O principal mecanismo dos EUA para garantir seu domínio econômico e geopolítico é expandir sua força militar em todo o mundo o que representa um grande perigo para a humanidade.
Além do grande aumento do orçamento do Pentágono, que chega a 400 bilhões de dólares, o governo de Bush tem dado sinais claros de seu autoritarismo. Por exemplo, a administração de Bush rechaçou a Convenção de Armas Biológicas e, ao mesmo tempo, realiza testes ilegais com essas armas, além de recusar o acesso de inspetores em seus laboratórios. Os Estados Unidos rechaçaram também o Tratado sobre Mísseis Antibalísticos, a Convenção da ONU sobre Tortura (para evitar a investigação de tortura contra prisioneiros na Base de Guantánamo), e pretende violar o Tratado Contra Testes Nucleares. Além disso, a CIA reforça suas operações clandestinas, e inclusive admite a possibilidade de assassinar governantes, como já declarou em relação a Saddam Hussein.
O governo estadunidense necessita manter uma situação de "guerra infinita" para justificar a existência de seu aparato militar e consolidar sua posição de império. Na América Latina, os EUA intensificam esse processo através da instalação de bases militares como no caso de Manta (Equador), Três Esquinas e Letícia (Colômbia), Iquitos (Peru), Rainha Beatrix (Aruba) e Hato (Curaçao). Essas bases complementam o cerco dos EUA no Continente, que também possui bases militares em Porto Rico (Vieques), Cuba (Guantánamo) e Honduras (Soto de Cano). Os EUA pretendem ainda construir bases militares em El Salvador e na Argentina (na Terra do Fogo), assim como controlar a base de Alcântara, no Brasil.
A região de Alcântara é considerada uma das "portas de entrada" para a amazônia brasileira e está localizada no estado do Maranhão. Essa área foi inicialmente habitada por índios Tupinambá. Os franceses colonizaram a região no final do século XVI e mantiveram sua dominação até 1616, quando veio a colonização portuguesa. A economia local, baseada na produção de algodão e cana-de-açúcar, era exercida com mão-de-obra escrava indígena e africana.
No final do século XIX, a queda do preço do açúcar e as pressões pela abolição da escravatura causaram a falência dos engenhos em Alcântara, e a maioria dos proprietários abandonou suas terras. Nesta época, formaram-se vários quilombos naquela região, constituídos pela população negra e indígena.

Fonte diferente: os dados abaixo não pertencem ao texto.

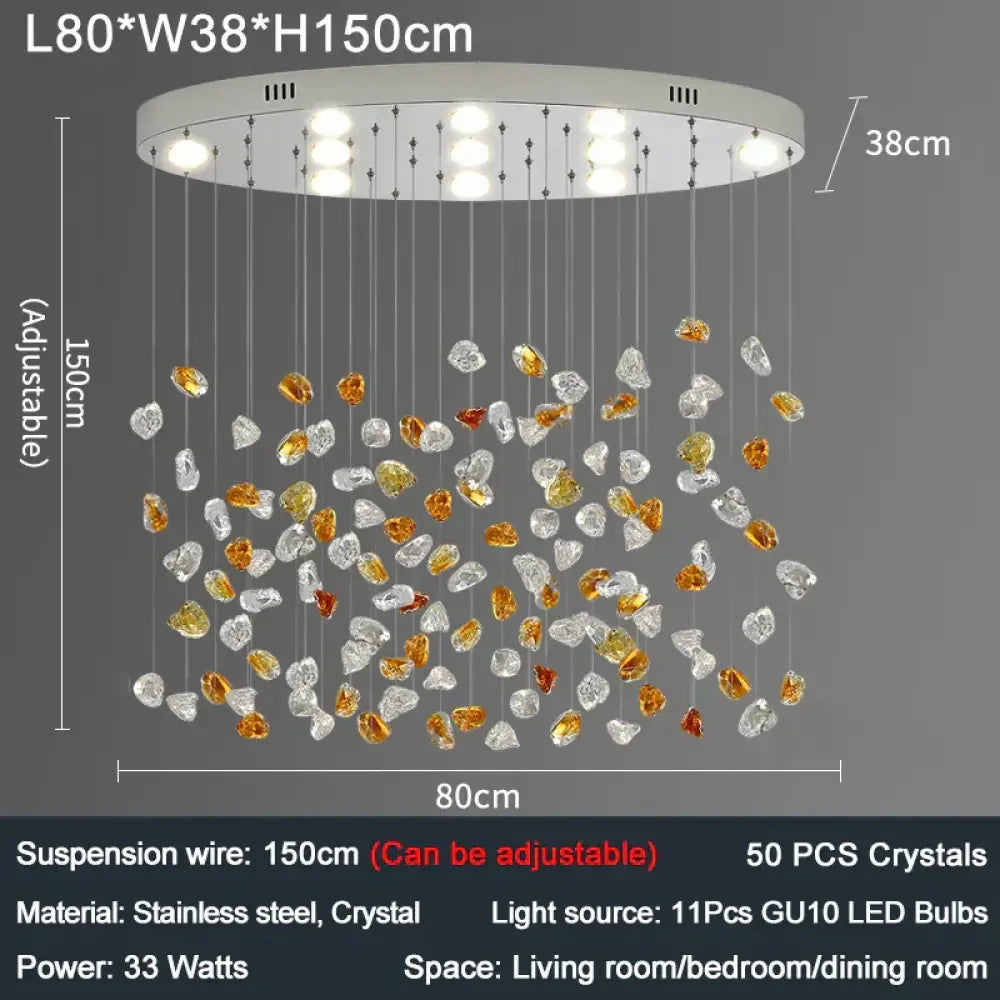 Modern Crystal Stone Chandelier - LED Home Decor Lighting Fixture with Creative Design, Colorful Oval Lustre for Dining Rooms - DecorGlobe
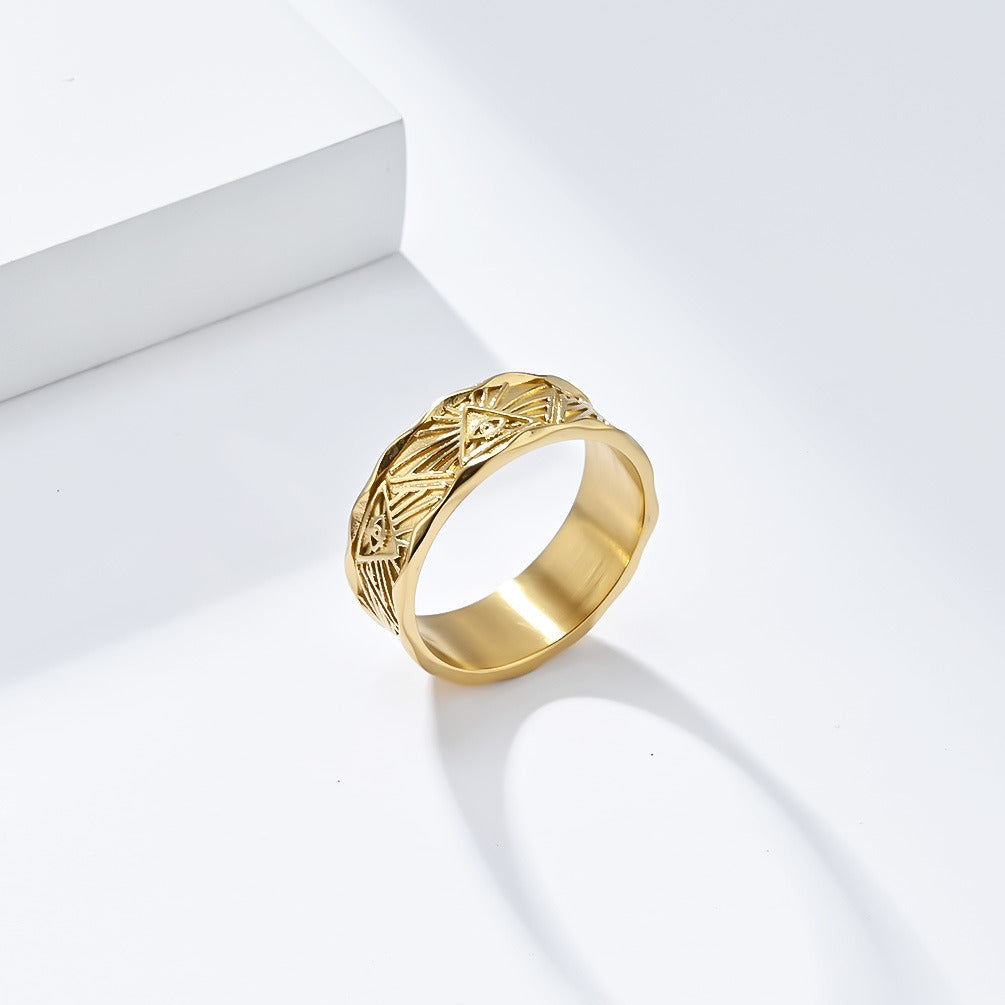 Kemstone Stainless Steel Horus Eye Ring for Men K-R820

Os quilombos são comunidades tradicionais, com culturas, formas de produção e regras internas próprias. As terras de remanescentes de quilombos são coletivas e a produção é comunitária. Não existem lotes individuais e a plantação é feita de acordo com as condições do solo. Por exemplo, as comunidades organizam roças coletivas de arroz, milho, feijão, mandioca, etc.

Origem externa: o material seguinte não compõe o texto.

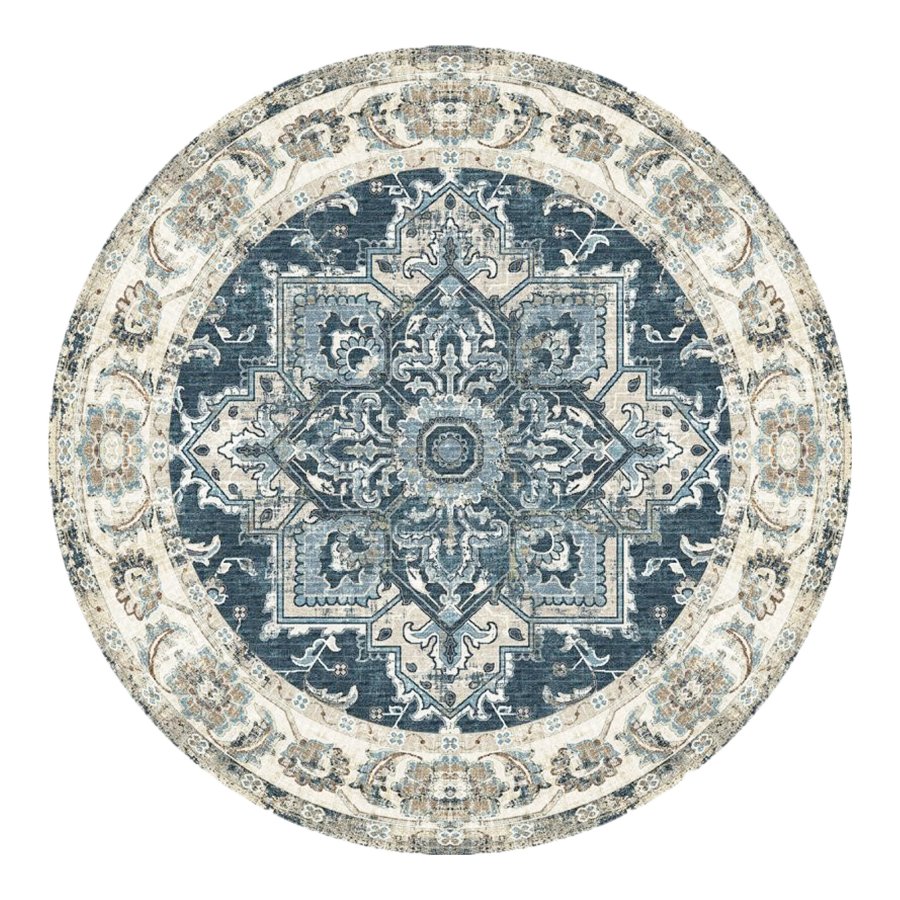 HOUSE NORDIC Havana gulvtppe, rund - multifarvet og bl chenille polyester (200)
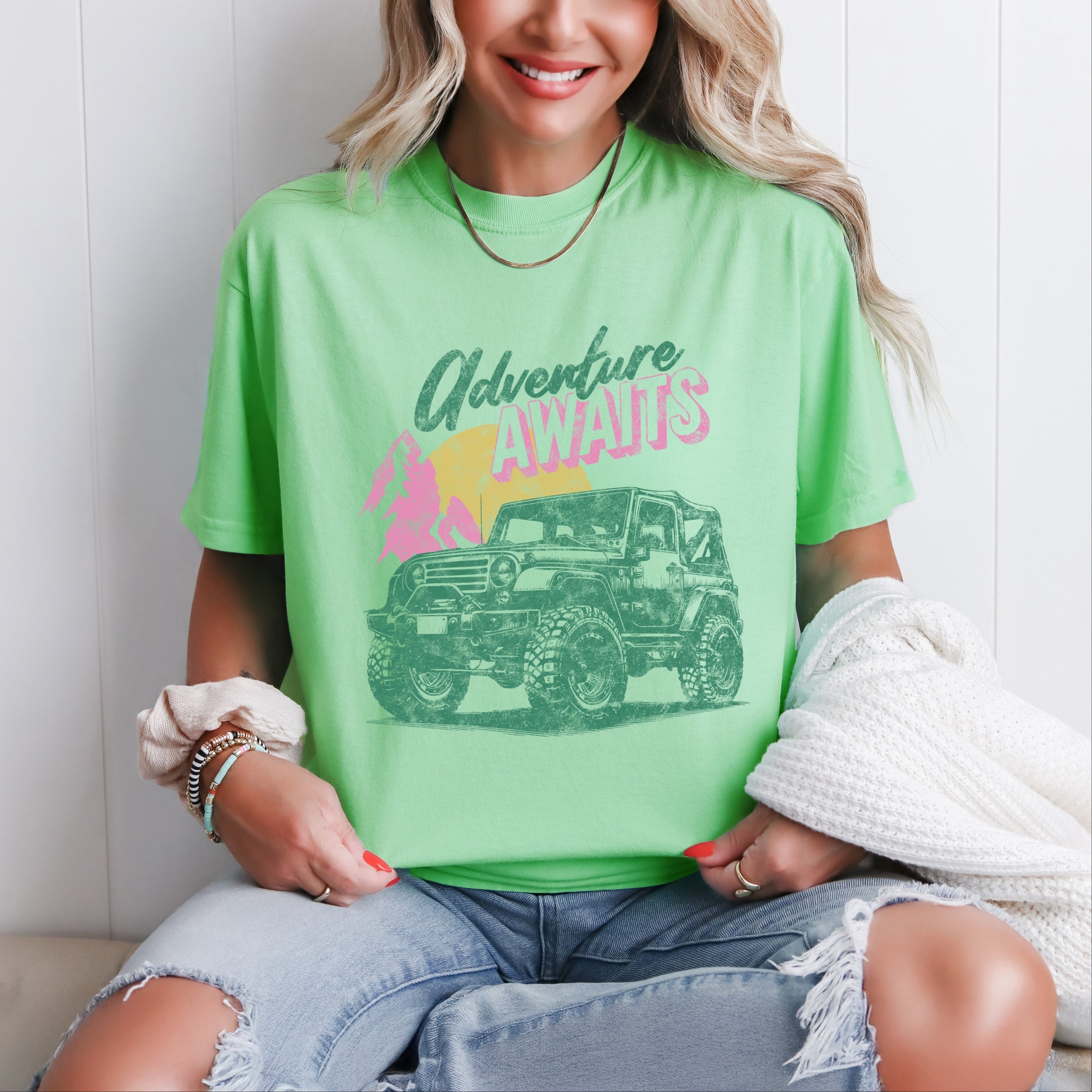 Adventure Awaits Jeep - Women's Garment Dyed Graphic T-Shirt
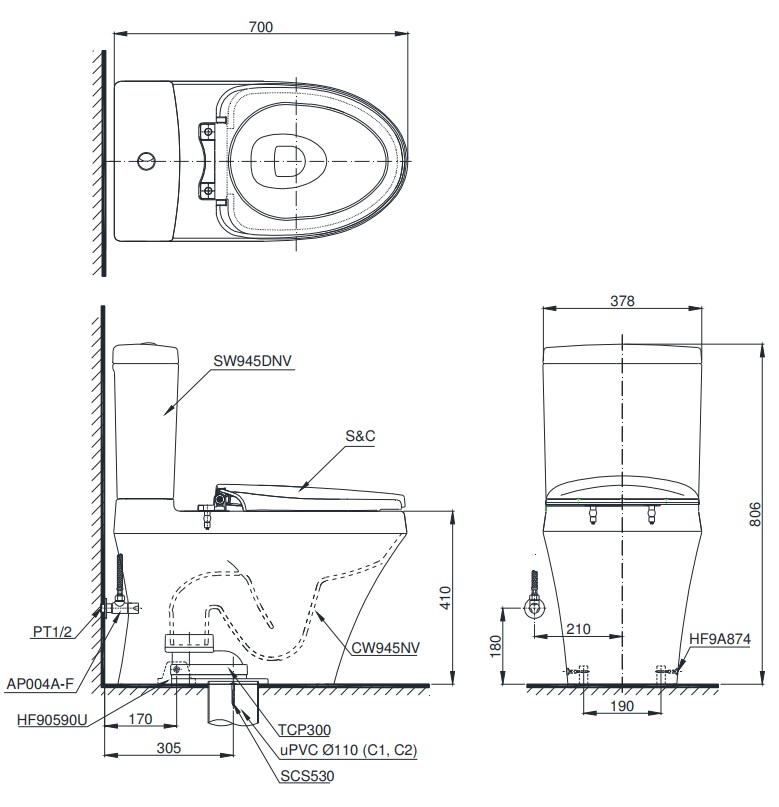 Bản vẽ bệt vệ sinh CS945 TOTO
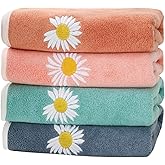FYSUIMU 4Pcs Daisy Hand Towels for Bathroom Cotton Soft Spring Flower Face Towel Absorbent Colorful Floral Embroidered Decorative Dish Bath Towel for Bathroom Kitchen, 29.5 x 13.8 Inch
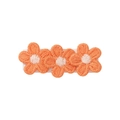 Pastel floral knitted hair clip featuring three orange embroidered flowers for kids - Orange / No.5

A importância histórica e cultural das comunidades remanescentes de quilombos, não somente em Alcântara mas em todo o país, fez com que a Constituição brasileira de 1988 reconhecesse o direito aos seus territórios. O Brasil tem mais de mil comunidades remanescentes de quilombos. Porém, desde outubro de 1988, apenas 1,8% dessas áreas foram tituladas.

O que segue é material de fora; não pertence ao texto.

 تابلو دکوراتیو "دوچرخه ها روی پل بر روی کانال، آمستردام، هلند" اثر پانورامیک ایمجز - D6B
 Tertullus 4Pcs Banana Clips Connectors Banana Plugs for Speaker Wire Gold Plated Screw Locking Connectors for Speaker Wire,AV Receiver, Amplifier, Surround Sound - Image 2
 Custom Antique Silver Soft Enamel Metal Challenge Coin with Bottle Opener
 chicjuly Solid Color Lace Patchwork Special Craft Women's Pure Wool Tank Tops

A área territorial de Alcântara soma 114 mil hectares. São cerca de 19 mil habitantes, sendo que a maioria descende de remanescentes de quilombos e indígenas. Quase 80% da população vive na zona rural e sobrevive da pesca, agricultura e do extrativismo, praticados de forma artesanal e tradicional. Alcântara faz parte da Área de Proteção Ambiental das Reentrâncias Maranhenses e está nos limites da Amazônia Legal. A região é rica em biodiversidade e recursos naturais.
Há cerca de 20 anos, o governo militar instalou o Centro de Lançamento de Alcântara, com o objetivo de desenvolver a tecnologia espacial brasileira. Para isso, foram desapropriados 62 mil hectares de terras mais da metade de todo o território de Alcântara causando o deslocamento de dezenas de comunidades remanescentes de quilombos.
Atualmente, outras comunidades têm sido ameaçadas de deslocamento, caso seja aprovado o Acordo de Salvaguardas Tecnológicas, através do qual o Brasil concede a utilização da Base para os Estados Unidos. O acordo entre os governos do Brasil e dos Estados Unidos foi firmado em abril de 2000, mas o Congresso Nacional exigiu que passasse por sua aprovação. Atualmente, o documento está sendo analisado pela Câmara dos Deputados. O acordo estabelece diversas obrigações para o Brasil e nenhuma para os Estados Unidos, além de ferir a soberania nacional em diversos aspectos, entre eles:
O acordo irá permitir o uso comercial das instalações do Centro de Lançamento de Alcântara, a ser explorado prioritariamente pelo setor privado, o que contradiz o argumento utilizado originalmente para a desapropriação da área, que alegava o desenvolvimento da tecnologia espacial brasileira, ou seja, seria de interesse público.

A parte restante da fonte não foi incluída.